Myers concluded that 44 per cent of all plant species and 35 per cent of land
vertebrates live only within the hotspots, which cover 2.1 millions square
kilometres. He argues that invertebrates—which make up 95 per cent of all
species—are similarly concentrated.

Of his 25 hotspots, 15 are tropical rainforests and nine are islands. They
include the tropical Andes mountains, which contains 8 per cent of the world’s
plants, Madagascar, the Atlantic forests of eastern Brazil, the Philippines and
New Caledonia.

Myers first coined the phrase “biodiversity hotspots” in the 1980s to
describe areas with many endemic species and major threats to their ecosystems.
His latest paper has only fuelled the controversy over whether their protection
should be the backbone of conservation efforts.

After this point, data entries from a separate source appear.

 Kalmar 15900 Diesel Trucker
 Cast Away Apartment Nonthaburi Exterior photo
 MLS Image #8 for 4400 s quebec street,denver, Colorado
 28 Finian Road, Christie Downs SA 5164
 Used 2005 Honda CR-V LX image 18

He has the backing of Conservation International, a large private charity
that buys up wilderness areas round the world and helped fund Myers’s latest
work. Its president, Russell Mittermeier, is a co-author of the study. The
charity’s website says it has “adopted Myers’s hotspots as the guiding principle
for conservation investment”.

But critics say the approach is scientifically flawed. “You cannot, as he
claims to, predict the richness of one group of species from that of another.
There is often no correlation,” says Whitmore. “Myers is deluding himself if he
thinks he has identified hotspots. We know far too little. Mostly, he has just
identified where people have gone collecting.”

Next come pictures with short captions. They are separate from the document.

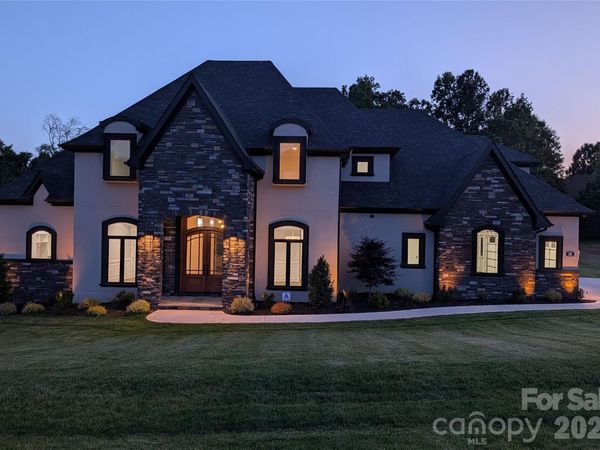 110 Hunts Landing Drive, Mooresville, NC 28117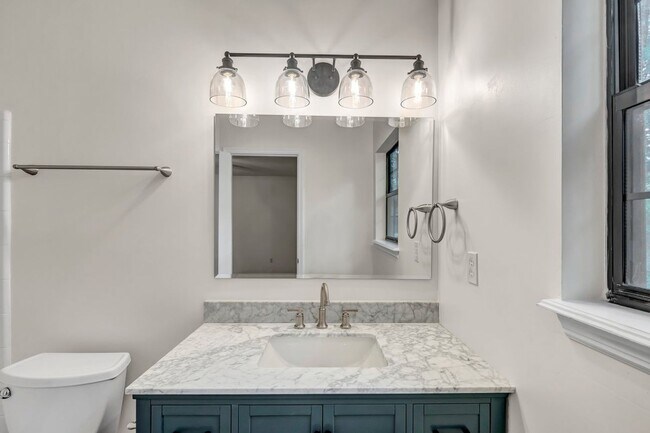 Building Photo - Beautifully Renovated 3 bed/2.5 bath in Ri...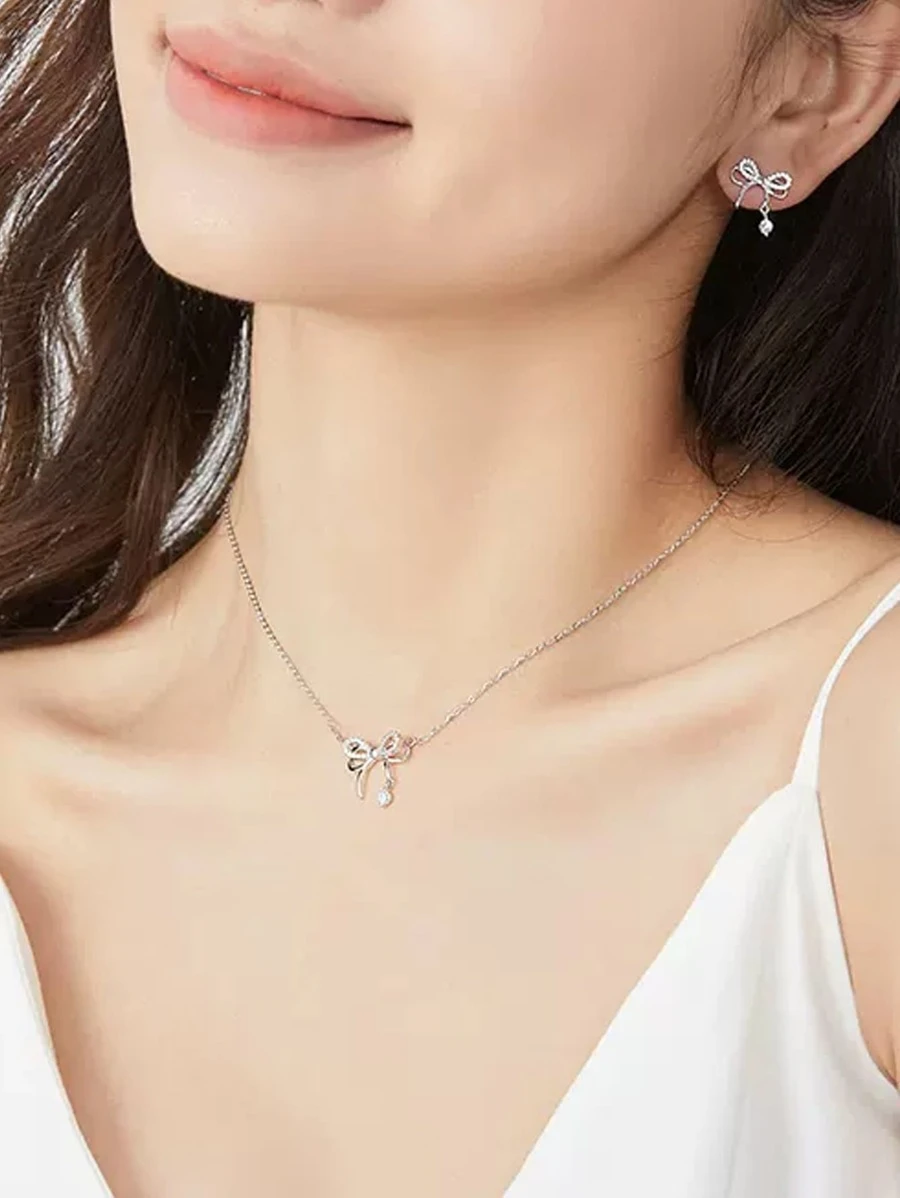 สร้อยคอ ติดเพชร โบว์ งานเงิน kk-110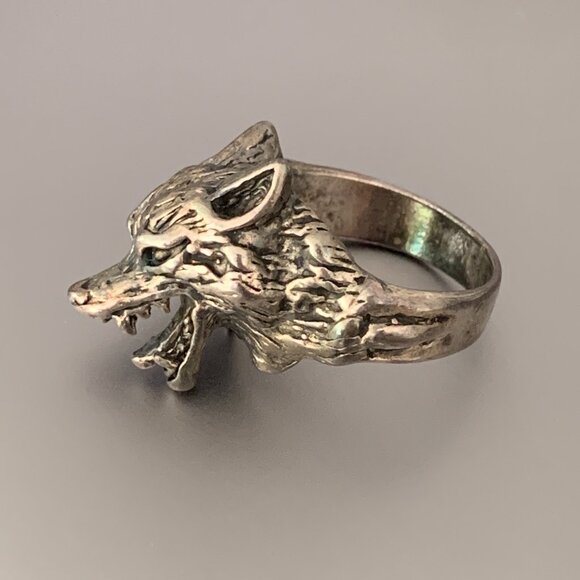 Metal Wolf Ring - Picture 2 of 3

A massive amount of conservation funding has gone on tropical rainforests
because of the hotspot approach. Species living in other habitats, such as
deserts, grassland, tundra and temperate forests have been neglected. That is
why both environmental groups and the World Bank’s Global Environment Facility
have adopted an alternative approach in the 1990s designed to increase the
amount of money spent outside the hotspots, says Whitmore.

This approach identifies and protects the best examples of the widest range
of ecosystems. According to Andrew Lee, deputy director of programmes for the
Worldwide Fund for Nature in Britain, says: “We want to save species from all
types of ecosystems, not those that happen to live in hotspots.”